Luís Varatojo diz que não se pode comparar o que é hoje Portugal com o que era há 40 anos, excepto numa coisa: "Eu acho que tem a ver connosco, com o povo português; está adormecido, foi espezinhado novamente e não reage".

 

"O que nos tentam enfiar todos os dias é que a situação é assim e não tem volta a dar.
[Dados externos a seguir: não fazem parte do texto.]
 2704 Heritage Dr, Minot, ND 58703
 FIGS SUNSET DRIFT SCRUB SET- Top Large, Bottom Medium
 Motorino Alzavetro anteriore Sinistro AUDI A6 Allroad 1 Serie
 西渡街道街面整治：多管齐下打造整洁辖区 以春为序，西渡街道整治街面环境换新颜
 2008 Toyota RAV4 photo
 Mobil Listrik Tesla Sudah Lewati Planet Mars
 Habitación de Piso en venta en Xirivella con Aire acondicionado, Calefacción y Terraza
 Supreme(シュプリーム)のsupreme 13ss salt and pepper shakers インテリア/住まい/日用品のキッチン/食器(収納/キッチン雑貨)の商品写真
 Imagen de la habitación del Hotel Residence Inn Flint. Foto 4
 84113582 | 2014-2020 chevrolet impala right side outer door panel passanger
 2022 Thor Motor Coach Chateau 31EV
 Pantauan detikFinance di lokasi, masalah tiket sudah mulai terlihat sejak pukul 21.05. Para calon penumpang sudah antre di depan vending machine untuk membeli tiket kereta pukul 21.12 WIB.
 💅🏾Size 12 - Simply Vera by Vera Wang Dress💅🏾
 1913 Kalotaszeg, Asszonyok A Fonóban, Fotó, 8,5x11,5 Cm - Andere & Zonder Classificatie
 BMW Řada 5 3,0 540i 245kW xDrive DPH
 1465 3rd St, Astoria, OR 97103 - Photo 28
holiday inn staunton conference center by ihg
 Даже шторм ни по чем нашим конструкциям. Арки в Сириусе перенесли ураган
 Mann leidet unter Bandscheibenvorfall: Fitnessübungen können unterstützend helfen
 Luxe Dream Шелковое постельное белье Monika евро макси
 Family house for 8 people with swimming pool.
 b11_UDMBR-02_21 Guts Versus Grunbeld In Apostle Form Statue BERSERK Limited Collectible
Cada um é melhor é ficar em casa sossegadinho, com as suas pantufas, no seu sofá, a ver a 'Casa dos segredos' e o 'Festival da Canção' e que assim é que a vida vai para a frente", criticou.

 

O músico lamentou ainda que a efeméride esteja a ser tratada "de uma forma muito conservadora", porque "não se está a fazer passar a mensagem certa para as gerações mais novas": "É que a revolução é um tema altamente apelativo para a juventude."

 

Esta ideia de desmotivação dos portugueses é partilhada por Pedro Silva Martins, guitarrista e principal compositor dos Deolinda.

 

Já nasceu depois do 25 de Abril de 1974 - tem 37 anos -, e tem a percepção de que "o terreno não está fértil para esse tipo de ideais e de mudança", como explicou à agência Lusa.

 

Olhando para trás, o músico percebe que havia "um sentimento de insatisfação com o que era vigente, com as situações de injustiça". Havia uma certa esperança misturada com desencanto.

 

É isso que encontra na música "Eu vim de longe" (1982), de José Mário Branco, a sua escolha para fixar uma memória sobre o 25 de Abril de 1974.

 

Na música, José Mário Branco registou o que sentiu e viveu, no regressou do exílio, de Abril de 1974 e Novembro de 1975: "Quando a nossa festa s'estragou/ e o mês de Novembro se vingou/ eu olhei p'ra ti/ e então entendi/ foi um sonho lindo que acabou/ houve aqui alguém que se enganou".

 

"Há canções muito simbólicas sobre o 25 de Abril, mas prefiro esta", disse Pedro Silva Martins, justificando que é de um autor que estima e porque nela transparece "a desilusão de uma ideia que existia para o 25 de Abril, mas com a esperança de que essa ideia possa vir a ser renovada no futuro".

 

Hoje, da observação diária que faz, e que transpõe para o repertório dos Deolinda, o guitarrista repara que "as pessoas estão desmotivadas, de costas viradas" e "tentam viver a vida como podem".

 

Para quem não viveu os anos de mudança pós-revolução, como a cantora e compositora Francisca Cortesão, de 30 anos, a aproximação a essa época é feita muitas vezes pela música.

 

Os discos de José Afonso, José Mário Branco ou Sérgio Godinho sempre estiveram presentes e vão sendo redescobertos. "As pessoas têm um bocado a mania das efemérides. Mas se servir para as pessoas 'reouvirem' os discos, faz sentido", disse à agência Lusa.

 

Com a nostalgia de quem não viveu os anos quentes de democracia, Francisca Cortesão, que é conhecida como Minta, escolhe a canção "Tinha uma sala mal iluminada", de José Afonso, editada em 1978.

 

"É uma ideia um bocado romantizada de alguém que não viveu a fase do antes e do depois [da revolução], mas tem a ver com uma ideia de coletivo e de camaradagem que a esta distância me seduz. Acho comovente quando ele canta 'Mas se há um camarada à tua espera/ não faltes ao encontro e sê constante'. Acho mesmo bonito", disse.